BEGIN Excerpted data

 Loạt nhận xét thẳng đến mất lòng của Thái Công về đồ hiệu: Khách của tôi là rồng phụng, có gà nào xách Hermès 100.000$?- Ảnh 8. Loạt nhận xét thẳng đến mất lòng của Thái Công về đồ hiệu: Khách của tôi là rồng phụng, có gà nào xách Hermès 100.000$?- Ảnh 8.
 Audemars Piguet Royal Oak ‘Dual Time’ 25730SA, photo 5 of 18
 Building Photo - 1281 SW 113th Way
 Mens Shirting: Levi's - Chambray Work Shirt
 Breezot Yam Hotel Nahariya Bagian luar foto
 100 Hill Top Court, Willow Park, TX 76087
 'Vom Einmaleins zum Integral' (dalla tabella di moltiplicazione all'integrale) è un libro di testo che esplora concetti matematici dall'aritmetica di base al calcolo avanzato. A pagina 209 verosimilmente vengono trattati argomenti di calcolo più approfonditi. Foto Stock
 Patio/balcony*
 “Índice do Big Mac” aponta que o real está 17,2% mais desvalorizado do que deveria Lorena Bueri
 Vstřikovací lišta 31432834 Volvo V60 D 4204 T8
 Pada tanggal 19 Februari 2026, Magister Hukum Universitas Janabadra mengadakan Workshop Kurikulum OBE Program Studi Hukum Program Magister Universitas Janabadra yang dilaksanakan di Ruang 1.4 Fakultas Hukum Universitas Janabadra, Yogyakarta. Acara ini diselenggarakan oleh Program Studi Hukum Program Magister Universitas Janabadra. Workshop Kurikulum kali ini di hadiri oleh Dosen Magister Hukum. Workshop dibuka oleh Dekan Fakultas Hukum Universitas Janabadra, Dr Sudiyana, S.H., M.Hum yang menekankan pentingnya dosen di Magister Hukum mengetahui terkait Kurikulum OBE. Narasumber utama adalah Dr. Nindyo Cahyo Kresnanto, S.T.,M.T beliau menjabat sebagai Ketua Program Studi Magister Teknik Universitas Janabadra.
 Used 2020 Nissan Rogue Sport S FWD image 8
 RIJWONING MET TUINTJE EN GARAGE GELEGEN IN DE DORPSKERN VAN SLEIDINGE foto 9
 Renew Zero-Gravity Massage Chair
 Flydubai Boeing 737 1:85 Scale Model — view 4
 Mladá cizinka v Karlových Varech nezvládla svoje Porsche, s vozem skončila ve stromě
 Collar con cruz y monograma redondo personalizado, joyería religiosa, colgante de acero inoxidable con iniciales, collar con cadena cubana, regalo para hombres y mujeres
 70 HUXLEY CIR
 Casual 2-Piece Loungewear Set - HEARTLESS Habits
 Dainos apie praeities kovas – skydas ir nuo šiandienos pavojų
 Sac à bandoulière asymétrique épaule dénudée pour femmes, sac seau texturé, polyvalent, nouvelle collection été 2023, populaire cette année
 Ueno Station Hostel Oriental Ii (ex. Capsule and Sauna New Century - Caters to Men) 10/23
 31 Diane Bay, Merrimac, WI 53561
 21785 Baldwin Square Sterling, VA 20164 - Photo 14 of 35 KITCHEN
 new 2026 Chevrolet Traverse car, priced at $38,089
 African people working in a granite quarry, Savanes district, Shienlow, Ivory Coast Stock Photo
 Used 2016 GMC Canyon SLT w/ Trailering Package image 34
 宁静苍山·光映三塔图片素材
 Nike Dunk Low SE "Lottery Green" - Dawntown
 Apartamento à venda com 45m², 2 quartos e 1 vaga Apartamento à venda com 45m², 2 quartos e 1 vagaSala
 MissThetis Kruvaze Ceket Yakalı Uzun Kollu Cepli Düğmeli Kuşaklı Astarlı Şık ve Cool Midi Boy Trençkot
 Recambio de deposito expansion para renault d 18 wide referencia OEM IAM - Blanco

END Excerpted data

> [What the task asks]: Every record should be given again exactly.

> [Exercise solution]:
 Loạt nhận xét thẳng đến mất lòng của Thái Công về đồ hiệu: Khách của tôi là rồng phụng, có gà nào xách Hermès 100.000$?- Ảnh 8. Loạt nhận xét thẳng đến mất lòng của Thái Công về đồ hiệu: Khách của tôi là rồng phụng, có gà nào xách Hermès 100.000$?- Ảnh 8.
 Audemars Piguet Royal Oak ‘Dual Time’ 25730SA, photo 5 of 18
 Building Photo - 1281 SW 113th Way
 Mens Shirting: Levi's - Chambray Work Shirt
 Breezot Yam Hotel Nahariya Bagian luar foto
 100 Hill Top Court, Willow Park, TX 76087
 'Vom Einmaleins zum Integral' (dalla tabella di moltiplicazione all'integrale) è un libro di testo che esplora concetti matematici dall'aritmetica di base al calcolo avanzato. A pagina 209 verosimilmente vengono trattati argomenti di calcolo più approfonditi. Foto Stock
 Patio/balcony*
 “Índice do Big Mac” aponta que o real está 17,2% mais desvalorizado do que deveria Lorena Bueri
 Vstřikovací lišta 31432834 Volvo V60 D 4204 T8
 Pada tanggal 19 Februari 2026, Magister Hukum Universitas Janabadra mengadakan Workshop Kurikulum OBE Program Studi Hukum Program Magister Universitas Janabadra yang dilaksanakan di Ruang 1.4 Fakultas Hukum Universitas Janabadra, Yogyakarta. Acara ini diselenggarakan oleh Program Studi Hukum Program Magister Universitas Janabadra. Workshop Kurikulum kali ini di hadiri oleh Dosen Magister Hukum. Workshop dibuka oleh Dekan Fakultas Hukum Universitas Janabadra, Dr Sudiyana, S.H., M.Hum yang menekankan pentingnya dosen di Magister Hukum mengetahui terkait Kurikulum OBE. Narasumber utama adalah Dr. Nindyo Cahyo Kresnanto, S.T.,M.T beliau menjabat sebagai Ketua Program Studi Magister Teknik Universitas Janabadra.
 Used 2020 Nissan Rogue Sport S FWD image 8
 RIJWONING MET TUINTJE EN GARAGE GELEGEN IN DE DORPSKERN VAN SLEIDINGE foto 9
 Renew Zero-Gravity Massage Chair
 Flydubai Boeing 737 1:85 Scale Model — view 4
 Mladá cizinka v Karlových Varech nezvládla svoje Porsche, s vozem skončila ve stromě
 Collar con cruz y monograma redondo personalizado, joyería religiosa, colgante de acero inoxidable con iniciales, collar con cadena cubana, regalo para hombres y mujeres
 70 HUXLEY CIR
 Casual 2-Piece Loungewear Set - HEARTLESS Habits
 Dainos apie praeities kovas – skydas ir nuo šiandienos pavojų
 Sac à bandoulière asymétrique épaule dénudée pour femmes, sac seau texturé, polyvalent, nouvelle collection été 2023, populaire cette année
 Ueno Station Hostel Oriental Ii (ex. Capsule and Sauna New Century - Caters to Men) 10/23
 31 Diane Bay, Merrimac, WI 53561
 21785 Baldwin Square Sterling, VA 20164 - Photo 14 of 35 KITCHEN
 new 2026 Chevrolet Traverse car, priced at $38,089
 African people working in a granite quarry, Savanes district, Shienlow, Ivory Coast Stock Photo
 Used 2016 GMC Canyon SLT w/ Trailering Package image 34
 宁静苍山·光映三塔图片素材
 Nike Dunk Low SE "Lottery Green" - Dawntown
 Apartamento à venda com 45m², 2 quartos e 1 vaga Apartamento à venda com 45m², 2 quartos e 1 vagaSala
 MissThetis Kruvaze Ceket Yakalı Uzun Kollu Cepli Düğmeli Kuşaklı Astarlı Şık ve Cool Midi Boy Trençkot
 Recambio de deposito expansion para renault d 18 wide referencia OEM IAM - Blanco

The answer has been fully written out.